Search code examples
rtestthat

Using testthat to check each variable in a data frame for NA values


I'm building a dataset from very messy raw files, and am using testthat to make sure things don't break as new data is added or cleaning rules are corrected. I'd like to add a test to see if there are any NA values in the data, and, if so, to report which columns they are in.

Its trivial to do so manually, by writing a test for each column.
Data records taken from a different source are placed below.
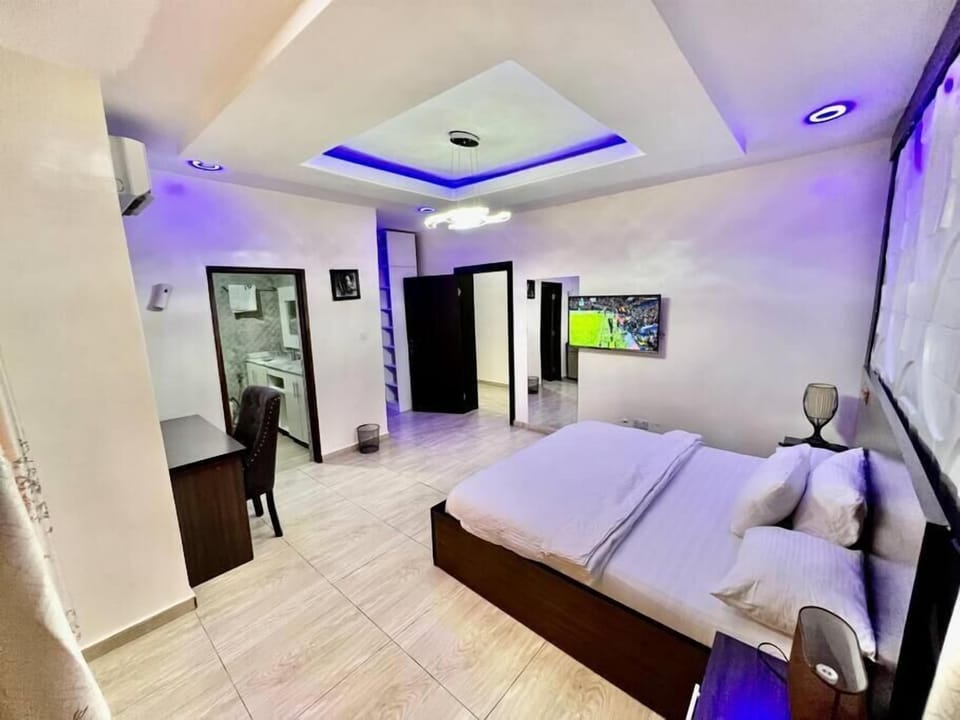 Business Room | 1 bedroom, soundproofing, free WiFi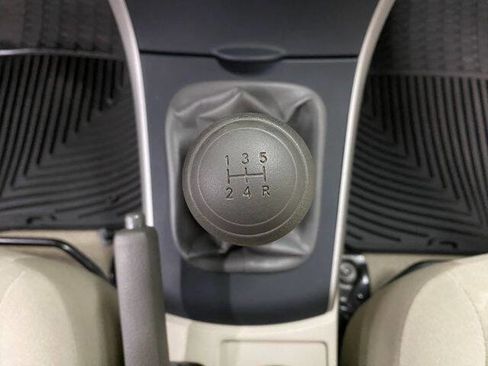 Used 2010 Toyota Corolla FWD image 21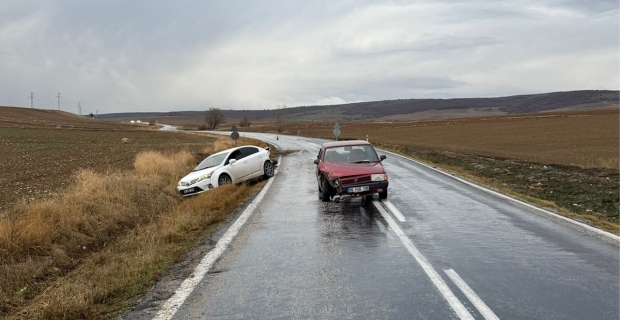 Yardım için duran sürücünün aracına başka bir araç çarptı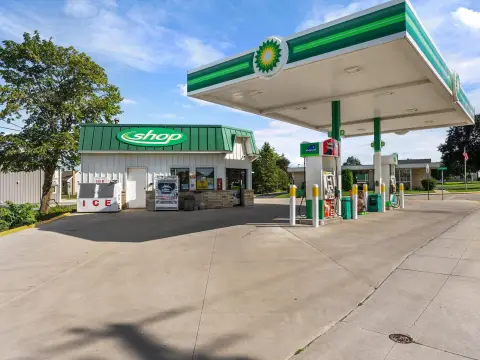 Valders BP Gas Station For Sale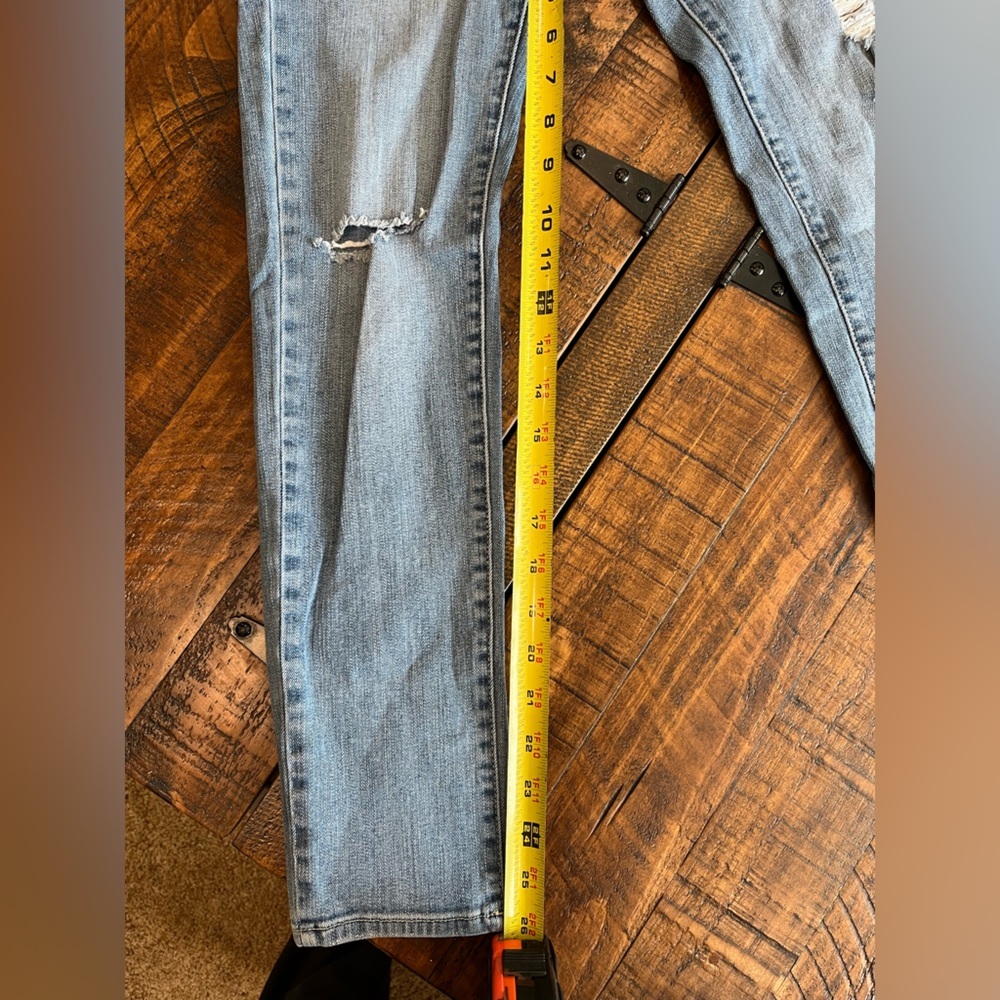Just Black Light Blue Distressed Women Jeans - Picture 3 of 4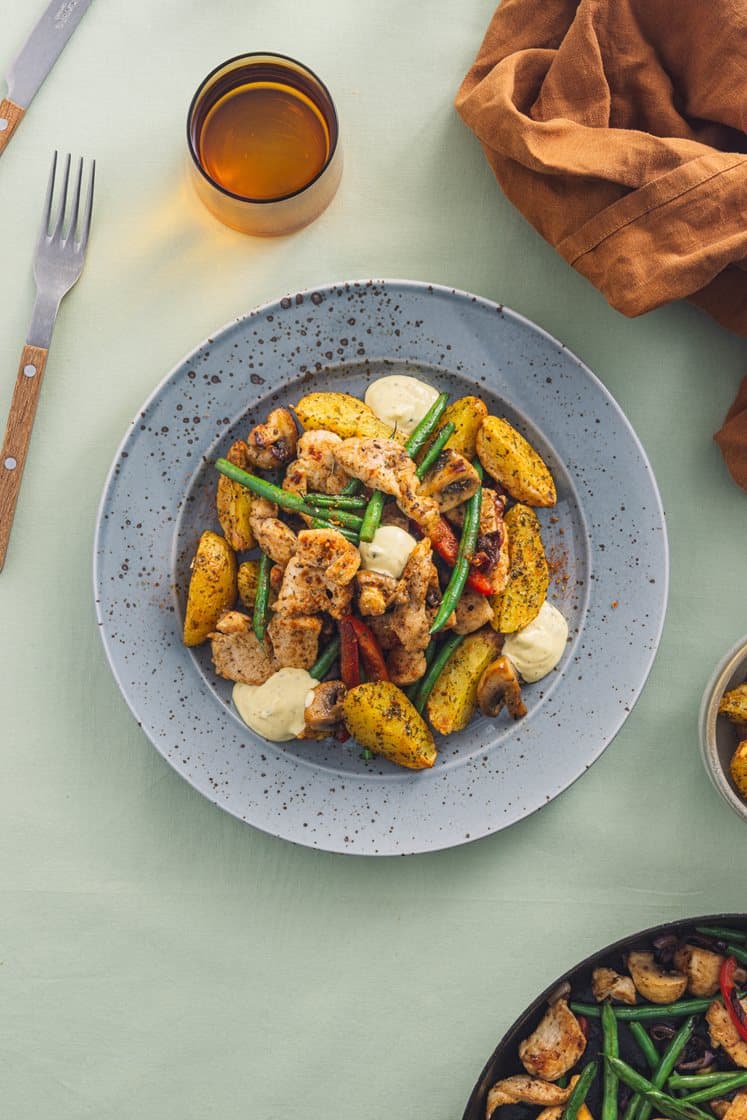 Kyllingsnadder med paprika og løk, krydrede poteter og estragonmajones
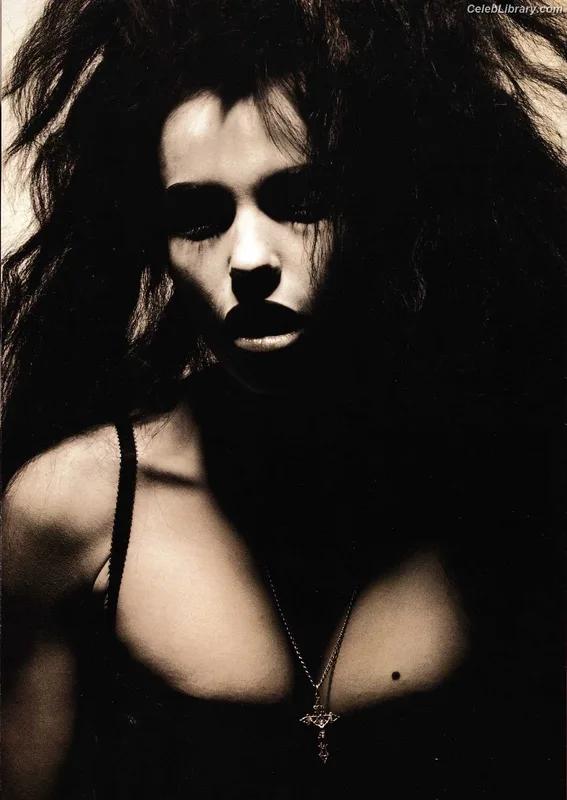 Béatrice Dalle photo 6 of 68
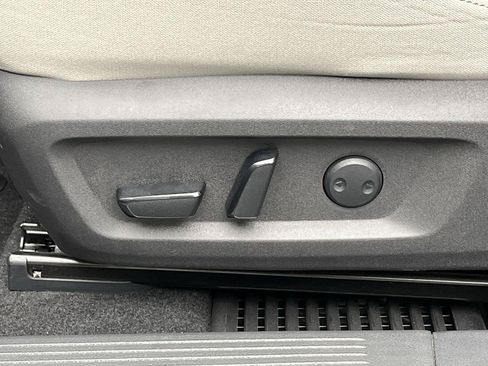Used 2023 Nissan Rogue SV AWD/4WD image 9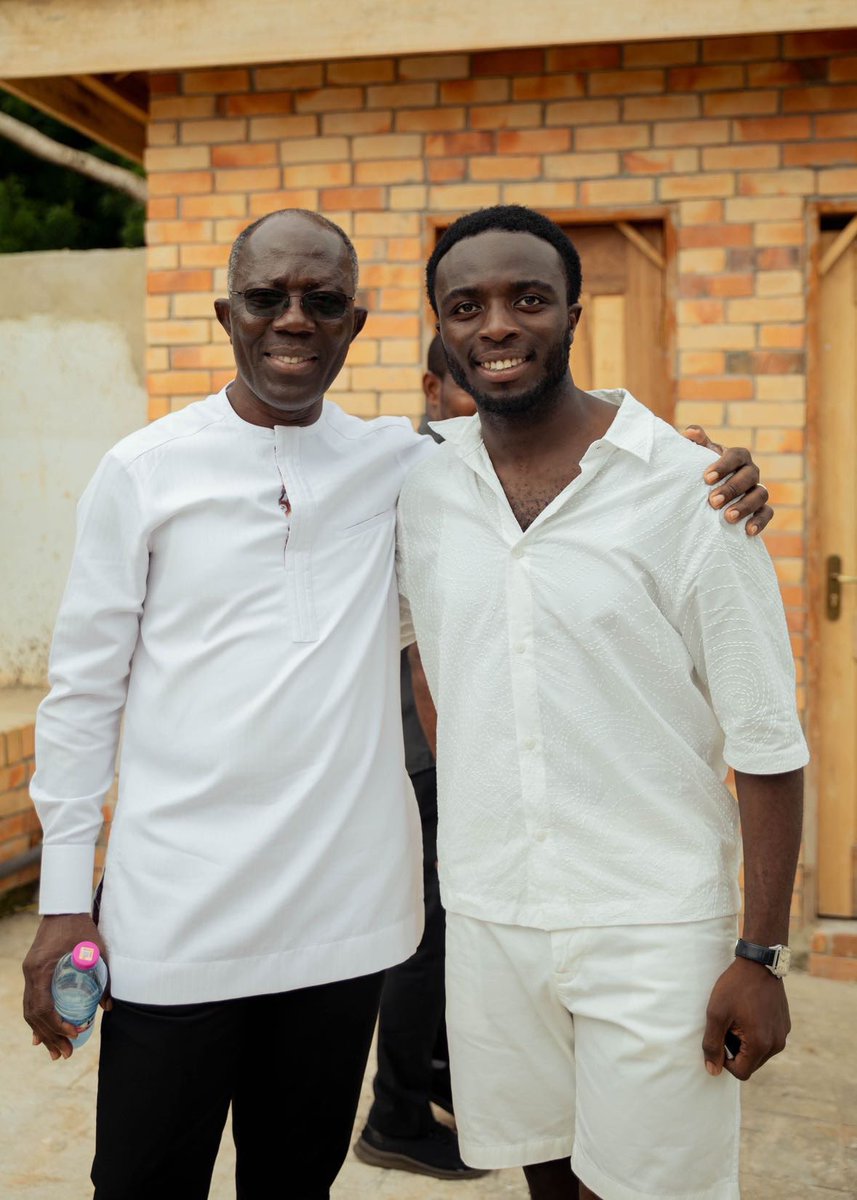 jadampare's tweet photo. My main man🤞🏽

Happy 55th, Dad! I am always grateful to God for your life. I pray for many blessings and long life in good health. Thanks for being a role model to all of us. We all love you so dearly our pensioner😂❤️ https://t.co/UfS9gLyOiH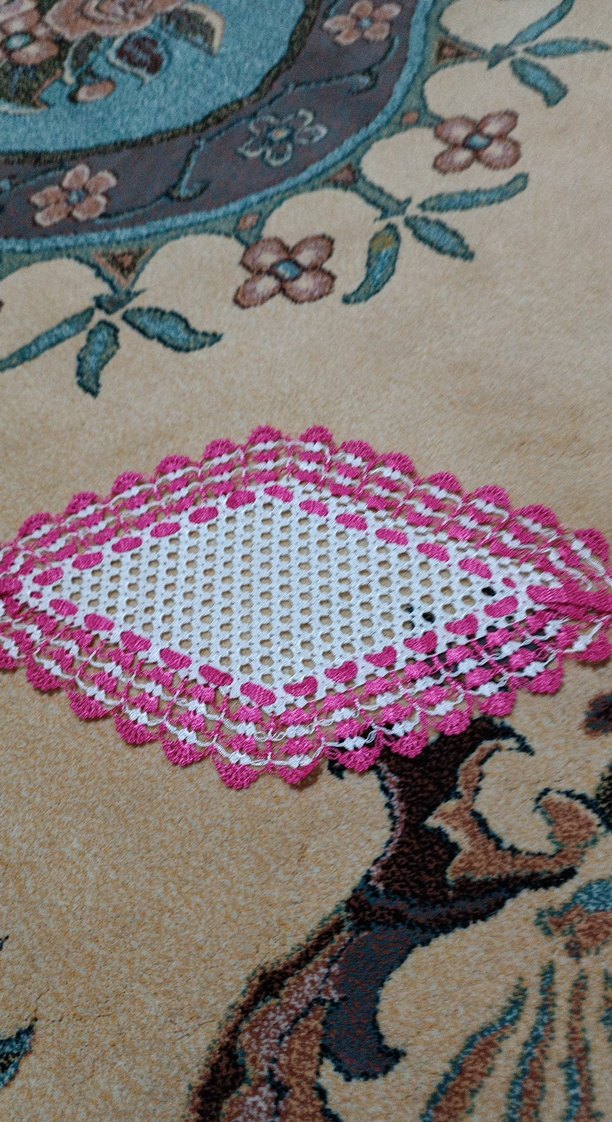 Pembe Kenarlı Vintage Dantel Örtü - Görsel 4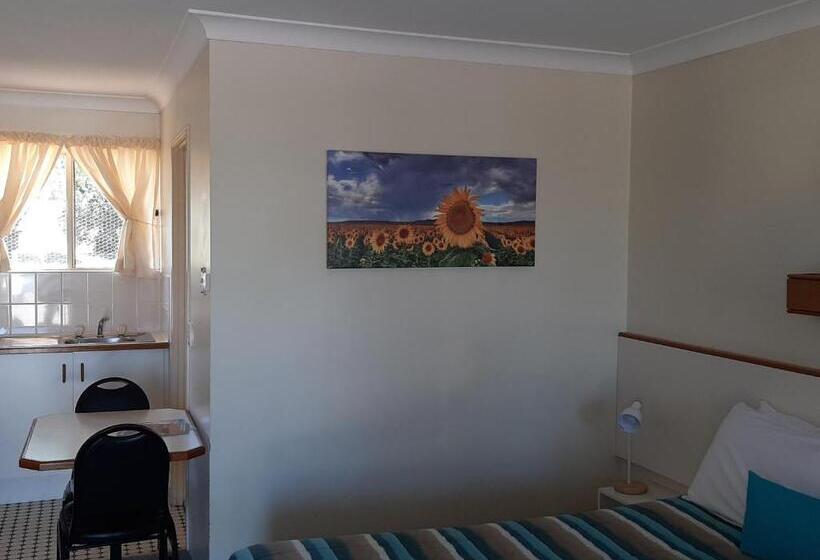 غرفة قياسية, Country Rose Motel Warwick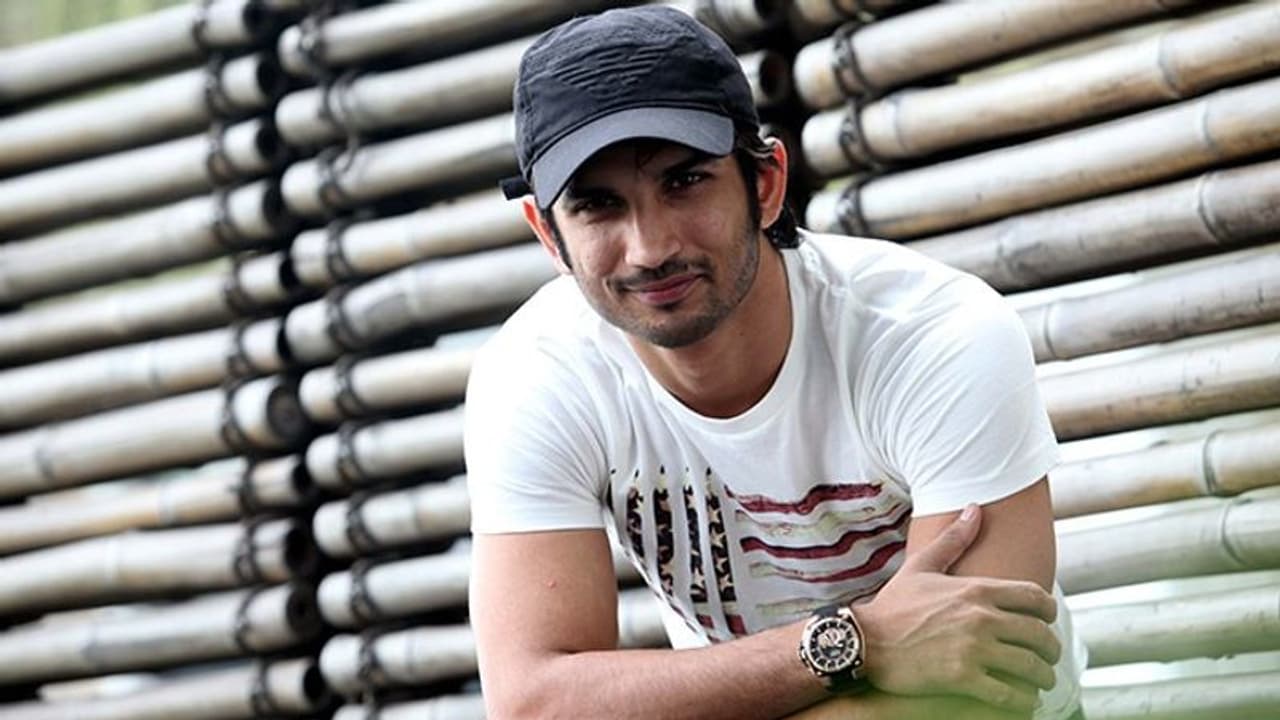 'ಧೋನಿ' ಪಾತ್ರಕ್ಕೆ ಜೀವ ತುಂಬಿದ್ದ ಬಾಲಿವುಡ್ ಖ್ಯಾತ ನಟ ಸುಶಾಂತ್ ಸಿಂಗ್ ಆತ್ಮಹತ್ಯೆಗೆ ಶರಣು! 'ಧೋನಿ' ಪಾತ್ರಕ್ಕೆ ಜೀವ ತುಂಬಿದ್ದ ಬಾಲಿವುಡ್ ಖ್ಯಾತ ನಟ ಸುಶಾಂತ್ ಸಿಂಗ್ ಆತ್ಮಹತ್ಯೆಗೆ ಶರಣು!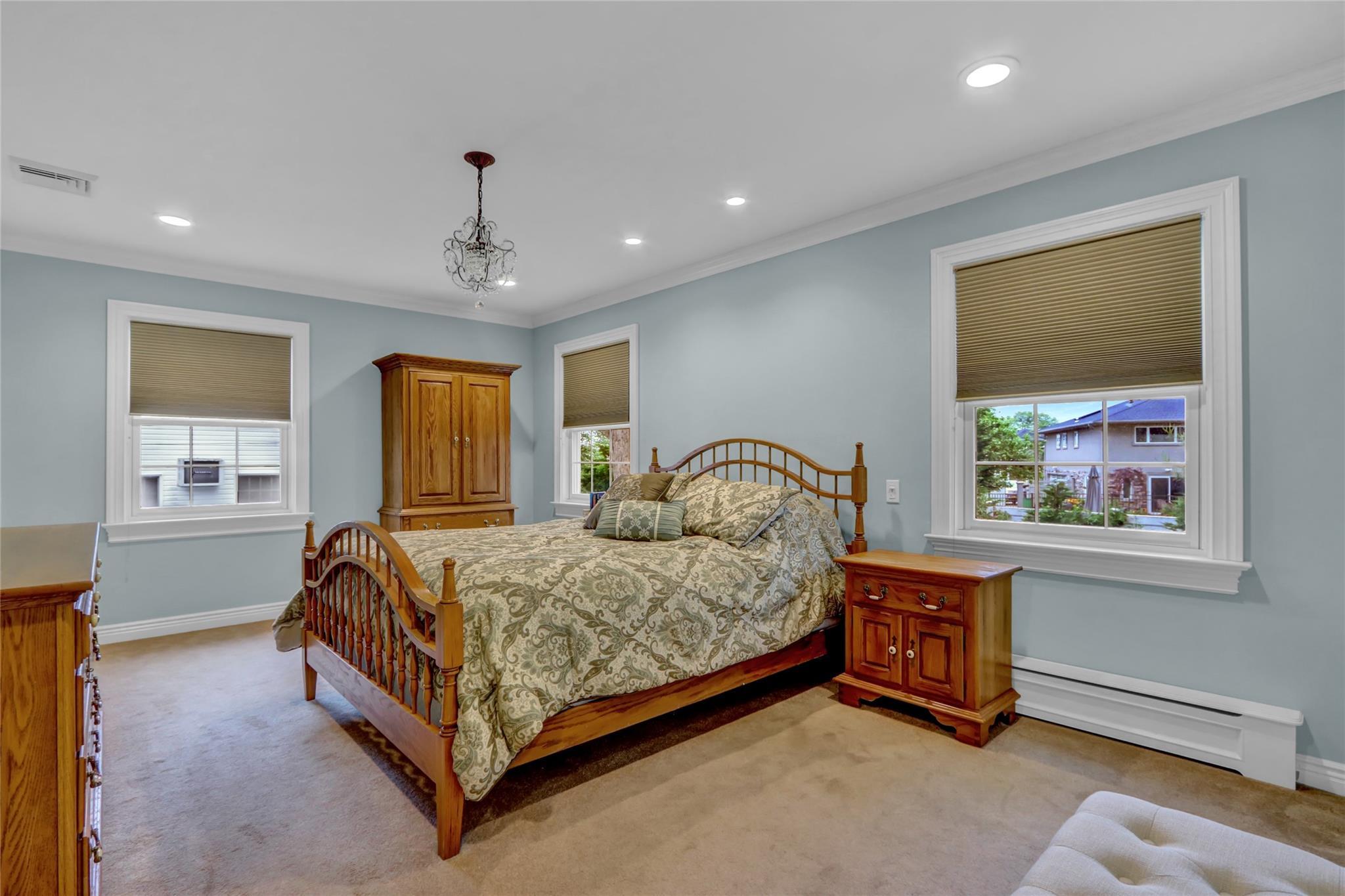 Single Family Fairfax  Nassau County, NY 11758, MLS-866938-13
But that solution will be a pain to maintain and error-prone as I don't want to have to remember to update the test-NA file everytime a column is added or removed from the dataset.

Here is example code for what I have

df <- tidyr::tribble(
  ~A, ~B, ~C, 
  1, 2, 3,
  NA, 2, 3, 
  1, 2, NA
)

# checks all variables, doesn't report which have NA values
testthat::test_that("NA Values", {
  testthat::expect_true(sum(is.na(df)) == 0)
})

# Checks each column, but is a pain to maintain
testthat::test_that("Variable specific checks", {
  testthat::expect_true(sum(is.na(df$A)) == 0)
  testthat::expect_true(sum(is.na(df$B)) == 0)
  testthat::expect_true(sum(is.na(df$C)) == 0)
})

Solution

  • Solution 1: quick and (not so) dirty

    df <- tidyr::tribble(
      ~A, ~B, ~C, 
      1, 2, 3,
      NA, 2, 3, 
      1, 2, NA
    )
    
    # Checks each column, but is a pain to maintain
    testthat::test_that("Variable specific checks", {
        res <- apply(df, 2, function(x) sum(is.na(x))>0)
        testthat::expect_true(all(res), label = paste(paste(which(res), collapse=", "), "contain(s) NA(s)"))
    })
    

    which should return

    Error: Test failed: 'Variable specific checks'
    * 1, 3 contain(s) NA isn't true.
    

    Solution 2: tailor an expect_() function to your needs

    expect_true2 <- function(object, info = NULL, label = NULL) {
            act <- testthat::quasi_label(rlang::enquo(object), label, arg = "object")
            testthat::expect(identical(as.vector(act$val), TRUE), sprintf("Column %s contain(s) NA(s).", 
                act$lab), info = info)
            invisible(act$val)
        }
    testthat::test_that("Variable specific checks", {
        res <- apply(df, 2, function(x) sum(is.na(x))>0)
        expect_true2(all(res), label = paste(which(res), collapse=","))
    })
    

    which should return

    Error: Test failed: 'Variable specific checks'
    * Column 1,3 contain(s) NA(s).